Every line from the one with "Фотография Нафиковой Гульназ" to the end of the listing below must be printed exactly, with no other text and no pictures.

**SUPPLIED DATA:**
▬▬▬

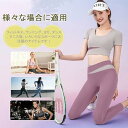 スポーツブラ スポーツウェア レディース 揺れない ブラジャー ヨガウェア トレーニングウェア スポーツブラジャー ヨガパンツ レギンス ハイウエスト おしゃれ 完璧な形状 快適な動き 上下セット 人間工学にづいたデザイン パンツとショーツをお選びいただけます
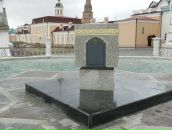 Фотография Нафиковой Гульназ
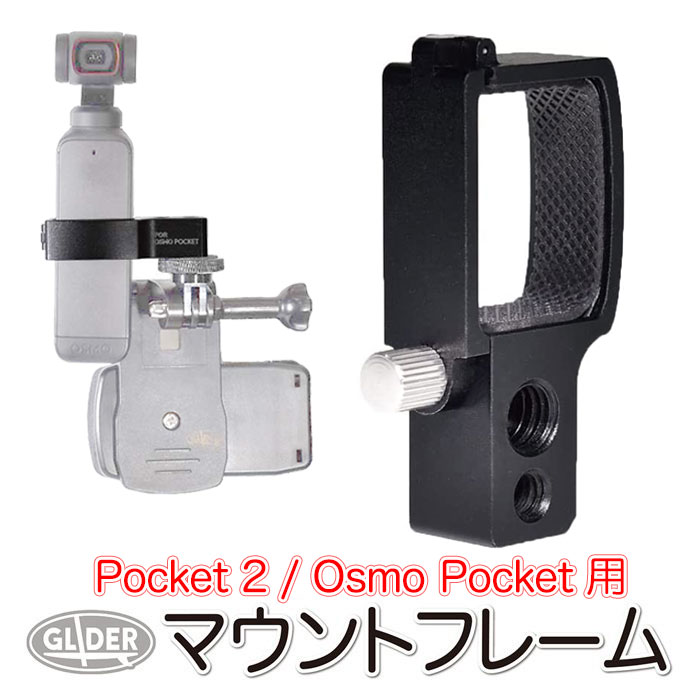 楽天市場】DJI Pocket2 / Osmo Pocket 用 アクセサリー マウント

▬▬▬

**TASK RESPONSE:**
 Фотография Нафиковой Гульназ
 楽天市場】DJI Pocket2 / Osmo Pocket 用 アクセサリー マウント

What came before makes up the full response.